* Work instructions
All entries are to be reproduced exactly; the pictures are to be omitted.

Stored items from a collection:
════════
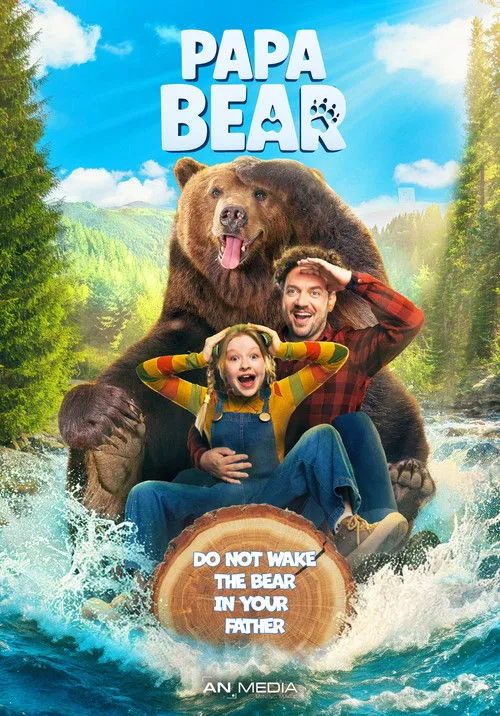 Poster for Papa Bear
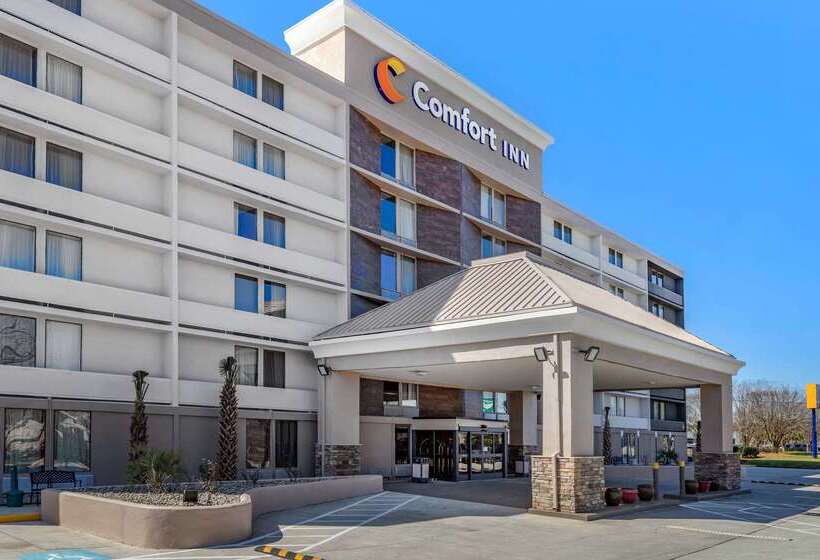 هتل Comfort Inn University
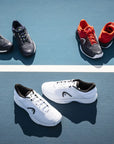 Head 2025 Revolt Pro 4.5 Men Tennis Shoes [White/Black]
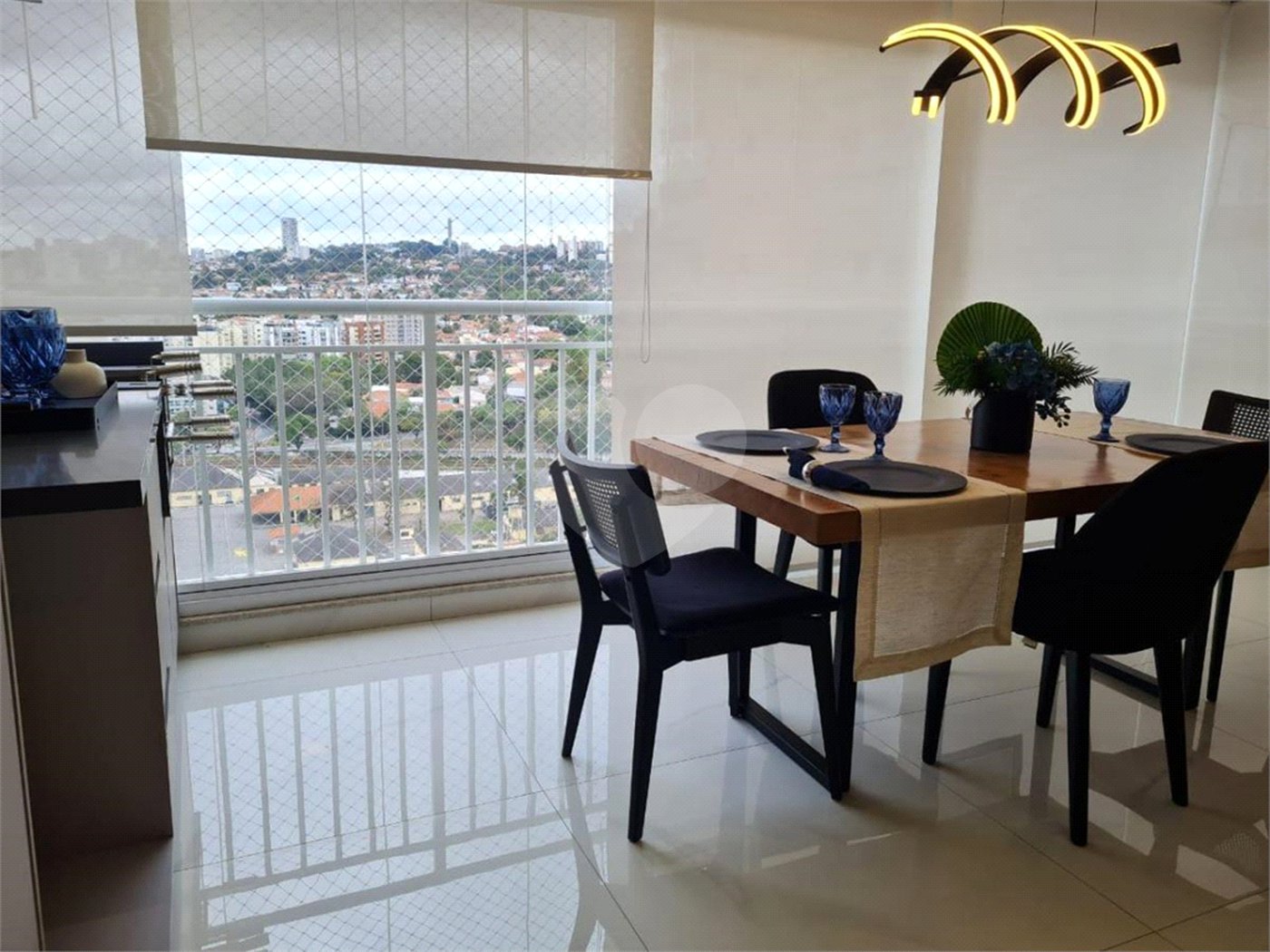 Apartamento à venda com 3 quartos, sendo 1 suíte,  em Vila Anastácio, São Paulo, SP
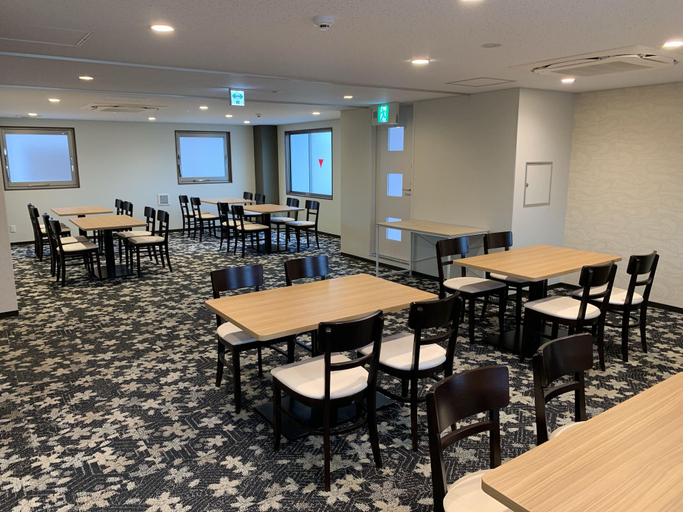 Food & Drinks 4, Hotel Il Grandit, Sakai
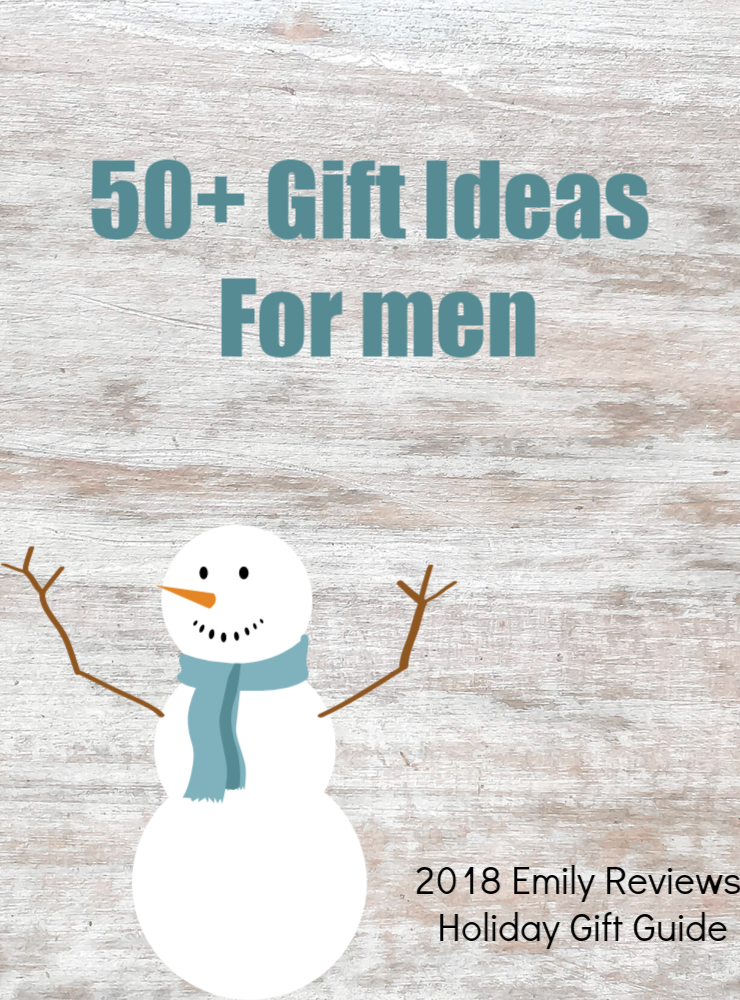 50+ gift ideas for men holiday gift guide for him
════════
* Task response
 Poster for Papa Bear
 هتل Comfort Inn University
 Head 2025 Revolt Pro 4.5 Men Tennis Shoes [White/Black]
 Apartamento à venda com 3 quartos, sendo 1 suíte,  em Vila Anastácio, São Paulo, SP
 Food & Drinks 4, Hotel Il Grandit, Sakai
 50+ gift ideas for men holiday gift guide for him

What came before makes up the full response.